Bulk Loading in HBase with Practice in MR & Spark
Bulk loading is a feature of HBase for ingesting tons of data efficiently. In this post, I are going to share some basic concepts of bulk loading and its practice in MapReduce and Spark.
1. Overview of Bulk Loading
I highly recommend you read this post from Cloudera first, since it illustrates almost everything about bulk loading in HBase. Then I will provide some supplementary knowledge here.
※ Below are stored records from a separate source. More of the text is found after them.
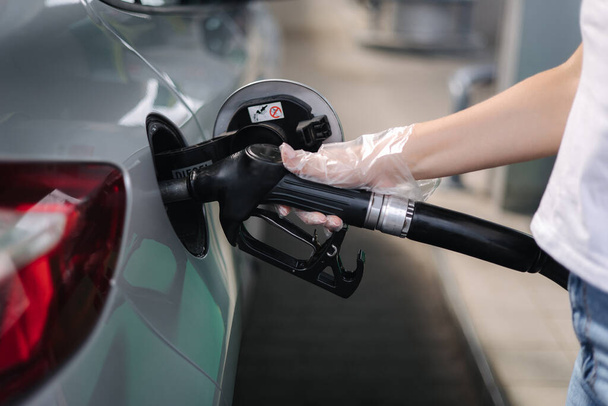 Η γυναίκα ανεφοδιάζεται στο βενζινάδικο. Θηλυκό χέρι πλήρωση βενζίνης καυσίμου βενζίνης στο αυτοκίνητο χρησιμοποιώντας ένα ακροφύσιο καυσίμου. Η έννοια των τιμών του πετρελαίου. Κοντινό πλάνο του χεριού - Φωτογραφία, εικόνα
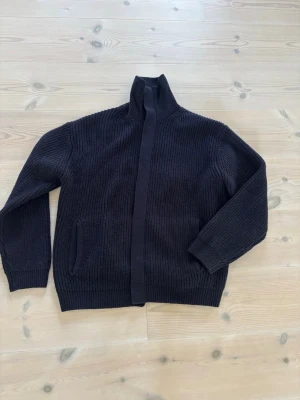 Mörkblå stickad cardigan Zara - Stickad kofta från Zara i mörkblå med hög krage och tryckknappar framtill. Grovstickad struktur och en ficka på ena sidan. Perfekt för lager på lager och enkel att matcha med olika outfits.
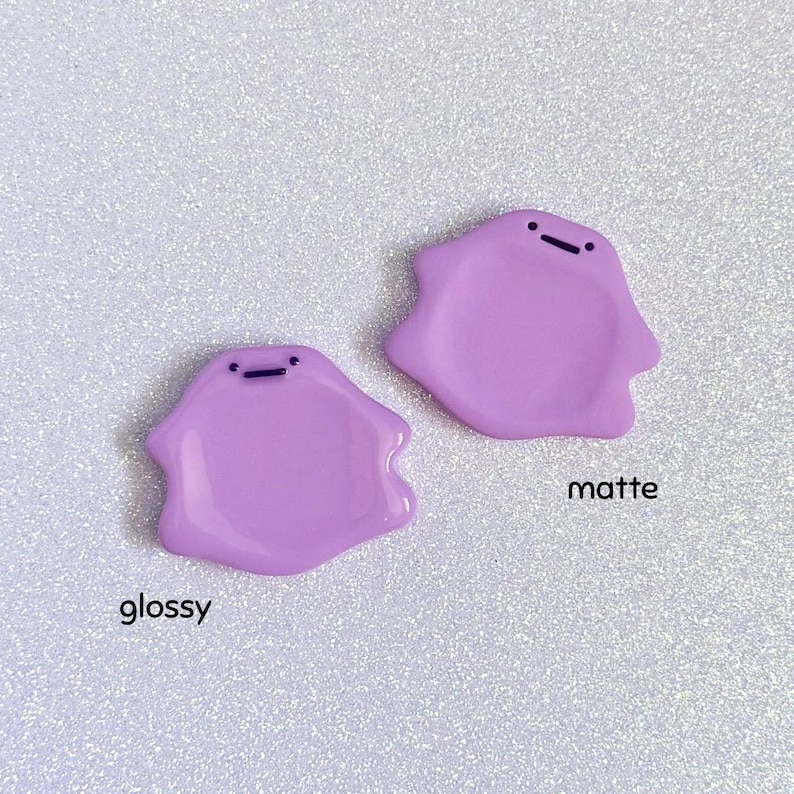 Pode incluir: Dois pingentes em forma de gota de cor lavanda com um pequeno detalhe de linha preta. Um pingente tem um acabamento brilhante e o outro tem um acabamento fosco. A palavra "glossy" est&aacute; escrita abaixo do pingente brilhante e "matte" est&aacute; escrita abaixo do pingente fosco.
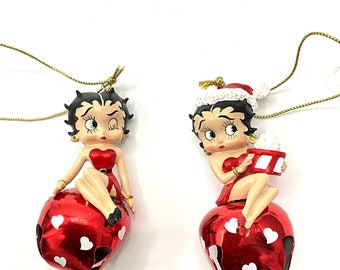 Gorgeous collectible and vintage Betty Boop small  with red dress, sitting at the bell or with a present.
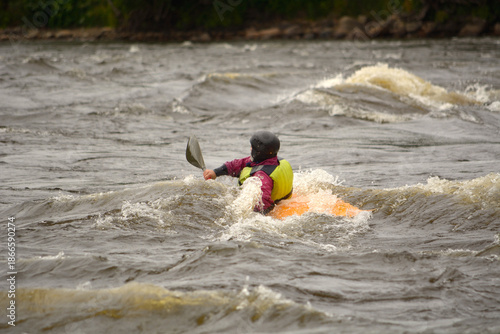 A man is floating down a turbulent river in a boat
Why is bulk loading efficient? When we perform a normal Put or Delete on HBase, HBase would first log this operation in the Write Ahead Log and store this entry into the MemStore. Whenever there are enough entries in the Memstore, the RegionServer would flush it to local disk in the format of HFile(a.k.a, LSM Tree). For bulk loading, it will generate and load HFiles directly thus bypassing the write path. See more details about HBase Write Path.
2. Practice in MapReduce
Let’s look at the following figure first to have a better understanding of the undergoings of the ETL process of bulk loading.
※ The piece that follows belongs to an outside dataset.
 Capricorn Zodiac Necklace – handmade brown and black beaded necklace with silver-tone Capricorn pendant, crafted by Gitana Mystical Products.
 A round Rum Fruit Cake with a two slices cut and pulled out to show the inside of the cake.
As this this post suggests, we need to write Mapper ourselves, which is supposed to emit the Row Key as key, and either a KeyValue, a Put, or a Delete as value. Reducer is handled by HBase.
The following snippet configures the MapReduce job. The variable bulkLoadPath denotes the path where the generated HFiles locate and tableName is the name of the HBase table.
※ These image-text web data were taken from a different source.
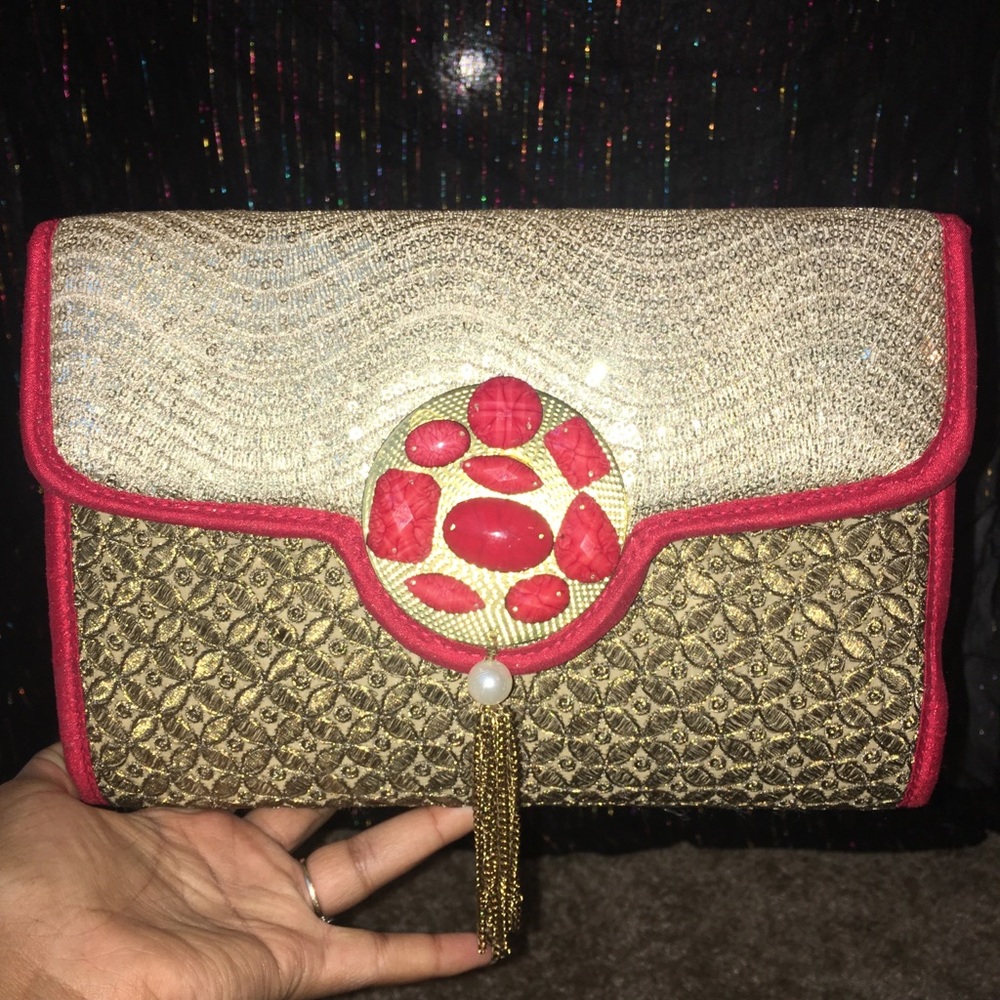 Golden and red clutch.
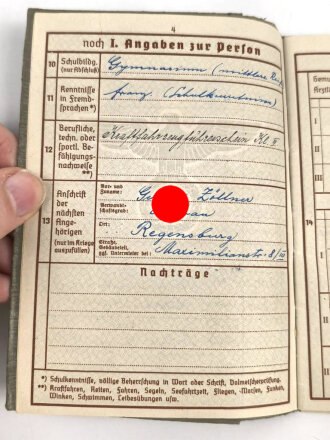 Wehrpaß Luftwaffe, eingestellt am 1.4.1940 bei Fliegerhorstkompanie Regensburg.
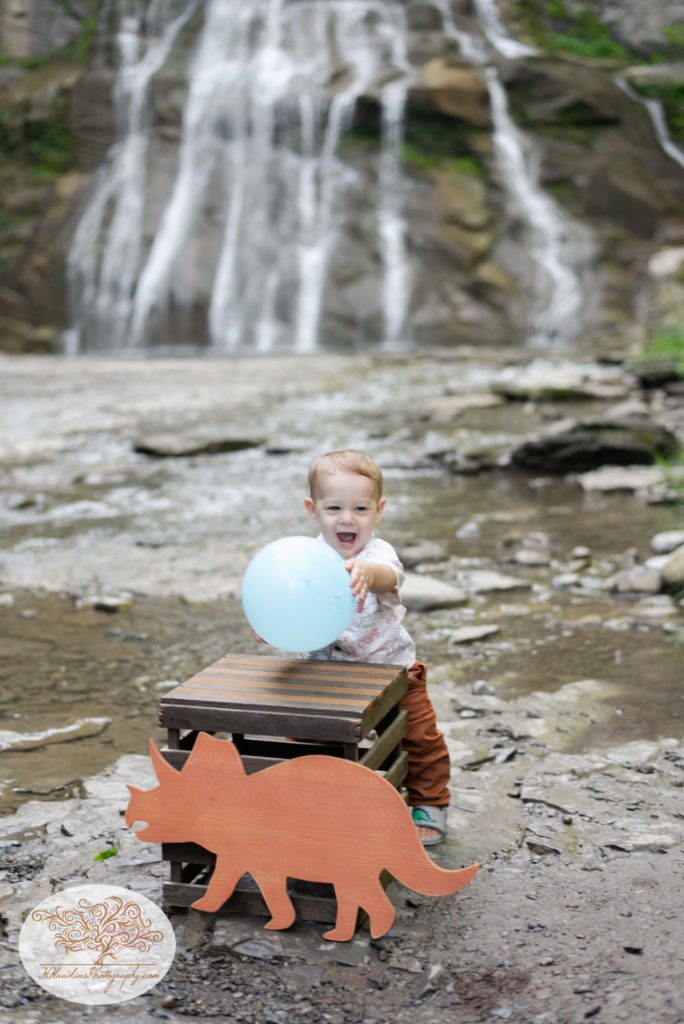 One year old in front of delphi falls holding a blue balloon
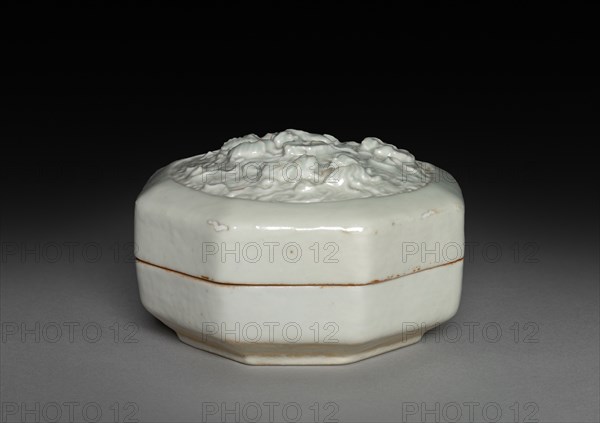 Hexagonal Covered Box with Lions in Relief: Qingbai Ware, 1300-1325. China, Jiangxi province, Jingdezhen kilns, Yuan dynasty (1271-1368). Glazed porcelain with molded and applied decoration; overall: 6.1 x 9.8 cm (2 3/8 x 3 7/8 in.).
job.setMapOutputKeyClass(ImmutableBytesWritable.class);
job.setMapOutputValueClass(Put.class);
job.setOutputFormatClass(HFileOutputFormat.class);
job.setOutputFormatClass(HFileOutputFormat.class);
FileOutputFormat.setOutputPath(configuration, new Path(bulkLoadPath));
HFileOutputFormat.configureIncrementalLoad(job, new HTable(configuration, tableName));
Further, this snippet shows how to load these HFiles into HBase after finishing this MapReduct job.
LoadIncrementalHFiles loadFfiles = new LoadIncrementalHFiles(configuration);
HTable hTable = new HTable(configuration, tableName);
loadFfiles.doBulkLoad(new Path(pathToHFile), hTable);
3. Practice in Spark
Things for Spark tend to be a little tough here. Since there has been no official support for direct bulk loading in Spark as far as I know, here is a really helpful library HBaseRDD shedding light on this issue. Moreover, I will try to illustrate these methods in a systematic way.
It is time to look at this figure again, and now assume that we have finished the EXTRACT phase and get a RDD.
However, now we don’t have a MapReduce job to do everything for us. Why not simulate it? For Mapper, we just need to generate the corresponding format, say, (Row Key, KeyValue(or Put/ Delete); for Reducer, it does the followings:
- Inspects the table to configure a total order partitioner
- Uploads the partitions file to the cluster and adds it to the DistributedCache
- Sets the number of reduce tasks to match the current number of regions
- Sets the output key/value class to match HFileOutputFormat’s requirements
- Sets the reducer up to perform the appropriate sorting (either KeyValueSortReducer or PutSortReducer)
Thus, it is clear that we need to partition the key-valued data into different regions and sort them. It seems easy because we know there is a built-in function repartitionAndSortWithinPartitions for RDD in Spark if we provide a partitioner. It is important to note that we CANNOT transform RDD to HBase-format data before this process, which would cause serialization error since KeyValue(or Put/Delete) is not serializable for repartitioning. Look at this following snippet, the function toKeyValue denotes transformation to HBase-format data and partitioner is the Partitioner class we will define below.
rdd
.repartitionAndSortWithinPartitions(partitioner)
.map {toKeyValue}
Then we need a partitioner now. What we only need to do is using RegionLocator from HBase to handle this. I believe this code snippet is easy to comprehend.
protected abstract class HFilePartitioner extends Partitioner {
def extractKey(n: Any) = n match {
case (k: Array[Byte], _) => k
case ((k: Array[Byte], _), _) => k
}
}
private class SingleHFilePartitioner(splits: Array[Array[Byte]]) extends HFilePartitioner {
override def getPartition(key: Any): Int = {
val k = extractKey(key)
for (i <- 1 until splits.length)
if (Bytes.compareTo(k, splits(i)) < 0) return i - 1
splits.length - 1
}
override def numPartitions: Int = splits.length
}
protected def getPartitioner(conf: Configuration, regionLocator: RegionLocator) =
HFilePartitioner(conf, regionLocator.getStartKeys)
After that, you can save this RDD as a HFile directly use the built-in function saveAsNewAPIHadoopFile just like this.
rdd
.saveAsNewAPIHadoopFile(hFilePath.toString, classOf[ImmutableBytesWritable], classOf[KeyValue], classOf[HFileOutputFormat2], job.getConfiguration)
At last, it is the same as above to load the HFiles into HBase. I have written a simple single file providing bulk loading for HBase in Spark. Feel free to use it here.